EXERCISE DIRECTIONS:
Omit all pictures and transcribe only the lines in the entries below that run from the line with "海角社区2023新地：邻里互动，生活服务一站通!" through the line with "Selling Information Product".

***** EXERCISE DATA *****

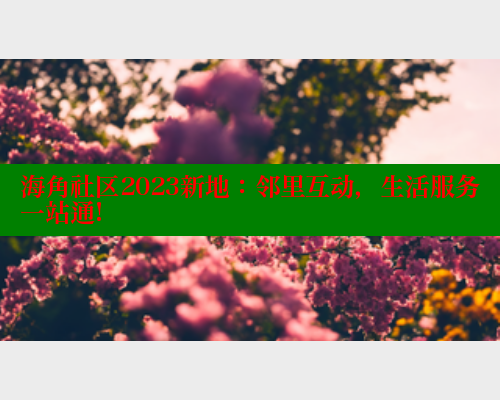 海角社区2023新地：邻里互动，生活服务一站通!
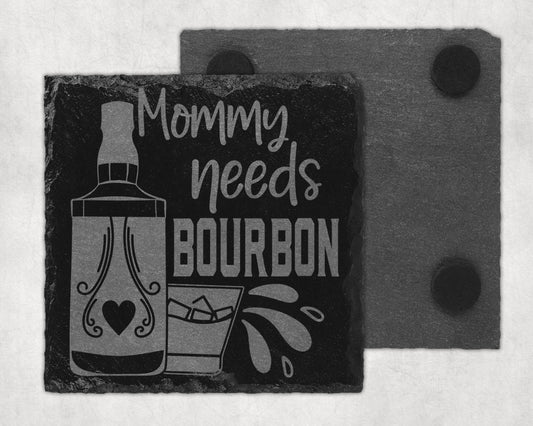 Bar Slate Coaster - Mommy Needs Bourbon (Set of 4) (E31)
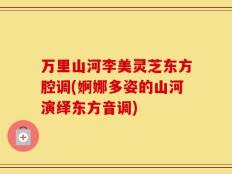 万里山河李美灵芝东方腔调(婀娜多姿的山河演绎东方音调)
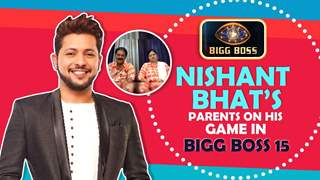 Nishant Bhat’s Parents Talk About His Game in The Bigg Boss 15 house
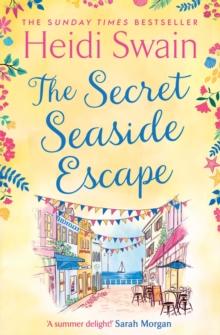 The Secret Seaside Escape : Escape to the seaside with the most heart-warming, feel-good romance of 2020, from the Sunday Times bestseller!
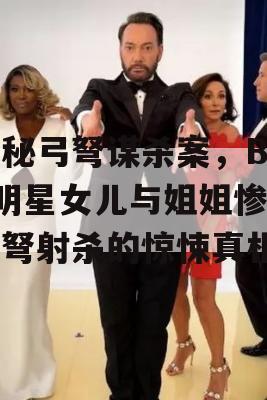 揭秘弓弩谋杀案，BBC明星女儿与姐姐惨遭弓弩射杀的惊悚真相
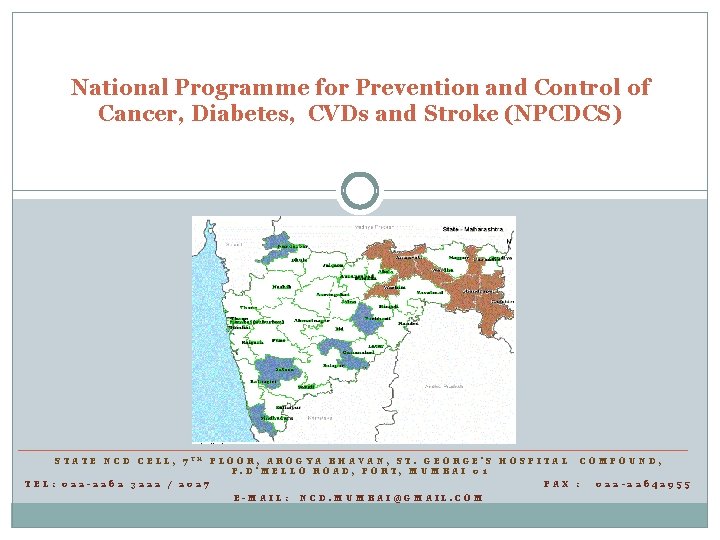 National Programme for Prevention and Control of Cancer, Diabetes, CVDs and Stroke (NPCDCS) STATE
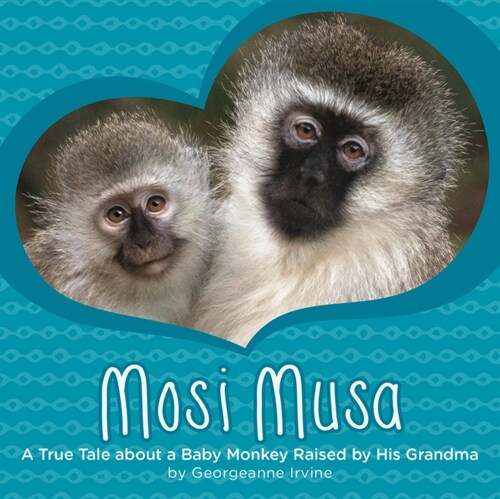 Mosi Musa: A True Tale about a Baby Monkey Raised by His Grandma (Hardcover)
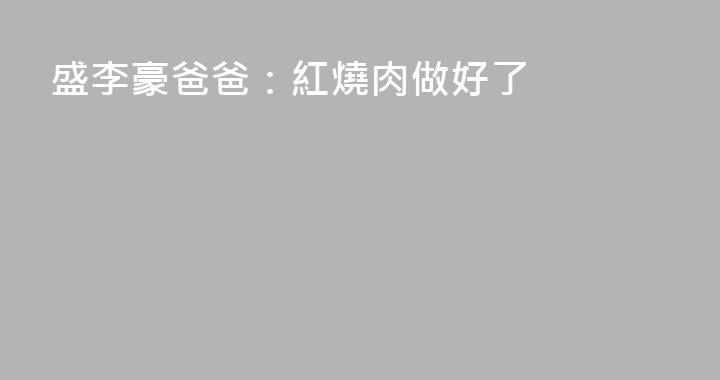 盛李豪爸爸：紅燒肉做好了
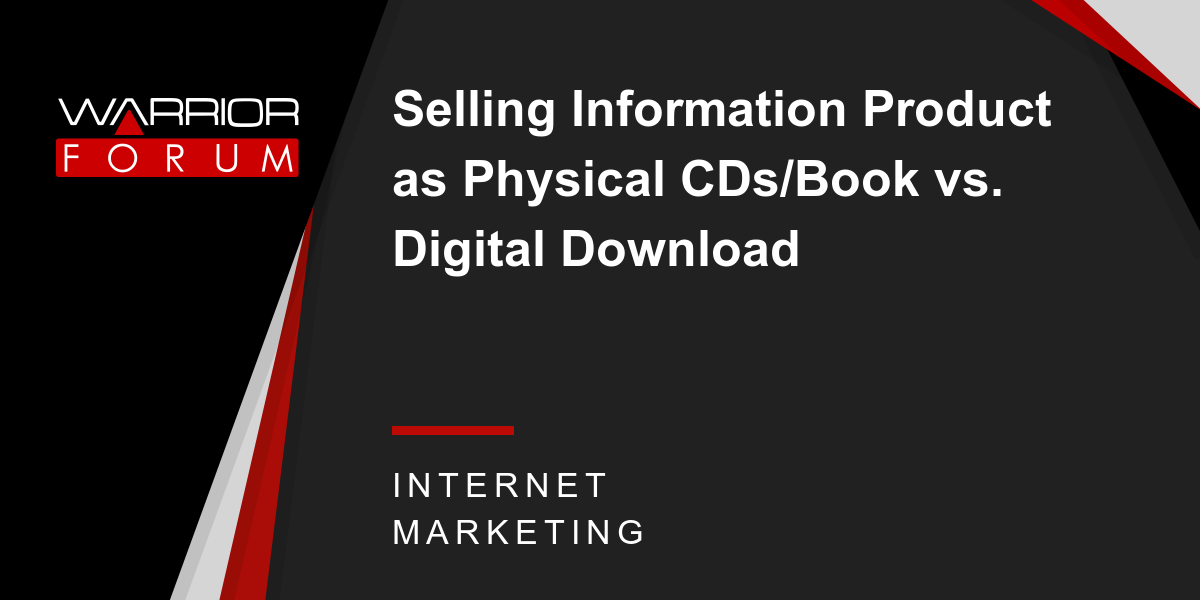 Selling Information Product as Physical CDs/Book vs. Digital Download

*****
***** EXERCISE DATA *****

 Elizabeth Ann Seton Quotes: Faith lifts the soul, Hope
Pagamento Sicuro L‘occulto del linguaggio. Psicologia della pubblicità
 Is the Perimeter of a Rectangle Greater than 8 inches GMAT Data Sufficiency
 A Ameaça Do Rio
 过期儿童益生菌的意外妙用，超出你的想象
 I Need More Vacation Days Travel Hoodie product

*****

SOLUTION TO THIS TASK:
 海角社区2023新地：邻里互动，生活服务一站通!
 Bar Slate Coaster - Mommy Needs Bourbon (Set of 4) (E31)
 万里山河李美灵芝东方腔调(婀娜多姿的山河演绎东方音调)
 Nishant Bhat’s Parents Talk About His Game in The Bigg Boss 15 house
 The Secret Seaside Escape : Escape to the seaside with the most heart-warming, feel-good romance of 2020, from the Sunday Times bestseller!
 揭秘弓弩谋杀案，BBC明星女儿与姐姐惨遭弓弩射杀的惊悚真相
 National Programme for Prevention and Control of Cancer, Diabetes, CVDs and Stroke (NPCDCS) STATE
 Mosi Musa: A True Tale about a Baby Monkey Raised by His Grandma (Hardcover)
 盛李豪爸爸：紅燒肉做好了
 Selling Information Product as Physical CDs/Book vs. Digital Download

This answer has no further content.